While men who have sex with men are disproportionately impacted by syphilis, the U.S. Centers for Disease Control and Prevention and health officials across the country also point to the increase in pregnant women who are passing syphilis to their babies. It can cause serious health issues for infants, including blindness and bone damage, or lead to stillbirths. In 2021, there were 77.9 cases of congenital syphilis per 100,000 live births.
Disease intervention specialists often link infected mothers and their partners with care for syphilis, which has mild symptoms for adults, like fever and sores. Doing so in a timely manner can prevent congenital syphilis.

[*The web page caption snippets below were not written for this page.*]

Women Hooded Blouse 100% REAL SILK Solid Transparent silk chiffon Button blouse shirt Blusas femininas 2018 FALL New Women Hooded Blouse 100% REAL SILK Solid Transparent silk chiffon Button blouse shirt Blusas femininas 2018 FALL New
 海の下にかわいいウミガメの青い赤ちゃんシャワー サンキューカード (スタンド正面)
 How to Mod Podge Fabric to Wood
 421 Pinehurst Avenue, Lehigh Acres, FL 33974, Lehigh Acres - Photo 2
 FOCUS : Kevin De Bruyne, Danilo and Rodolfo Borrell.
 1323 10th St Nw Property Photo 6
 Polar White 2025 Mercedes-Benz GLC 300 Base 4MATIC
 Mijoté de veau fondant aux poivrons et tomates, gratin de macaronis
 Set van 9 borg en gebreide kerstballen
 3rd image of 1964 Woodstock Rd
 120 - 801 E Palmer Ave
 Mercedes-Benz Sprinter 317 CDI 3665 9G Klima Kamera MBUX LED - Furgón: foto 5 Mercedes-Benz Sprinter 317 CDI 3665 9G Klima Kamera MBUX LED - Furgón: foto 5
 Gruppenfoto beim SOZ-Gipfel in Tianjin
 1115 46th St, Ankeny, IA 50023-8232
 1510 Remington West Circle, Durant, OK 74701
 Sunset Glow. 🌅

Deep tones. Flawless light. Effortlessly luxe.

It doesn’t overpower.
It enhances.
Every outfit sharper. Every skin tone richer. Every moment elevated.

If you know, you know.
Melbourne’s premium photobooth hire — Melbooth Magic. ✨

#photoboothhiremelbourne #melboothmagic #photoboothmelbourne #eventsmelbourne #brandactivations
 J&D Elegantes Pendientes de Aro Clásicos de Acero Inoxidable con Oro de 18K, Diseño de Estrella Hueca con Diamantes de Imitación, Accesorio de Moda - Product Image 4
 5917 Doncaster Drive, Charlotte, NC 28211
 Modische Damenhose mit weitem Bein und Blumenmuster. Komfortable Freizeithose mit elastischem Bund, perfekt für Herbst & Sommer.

The specialists also can help pregnant patients find prenatal care.
“When you have a mother who didn’t know (she had syphilis), it can be very emotional trying to explain … it could have been prevented if we could have caught it before,” said Deneshun Graves, a public health investigator with the Houston Health Department.
Lupita Thornton, a public health investigator manager in the health department, said she is worried about being able to treat pregnant syphilis patients “before 30 days of delivery, for the baby’s sake.”
The Houston Health Department is in the midst of what it calls a “rapid community outreach response” because of syphilis cases increased by 128% among women from 2019 to 2022, and congenital syphilis cases went from 16 in 2019 to 151 in 2021.
Its STD/HIV bureau was set to receive a total of $10.7 million from the federal grant, but will end up with about 75% of that.
The department has used the money to hire disease intervention specialists and epidemiologists — including Graves. But Thornton said she could use “double of everything,” and had planned to bring down the caseload for her investigators by hiring even more people.
It would help Graves, who deals with more than 70 cases at a time.
“You got people that don’t want to go in and get treatment. You have people that don’t want to answer the phone, so you got to continue to call,” Graves said.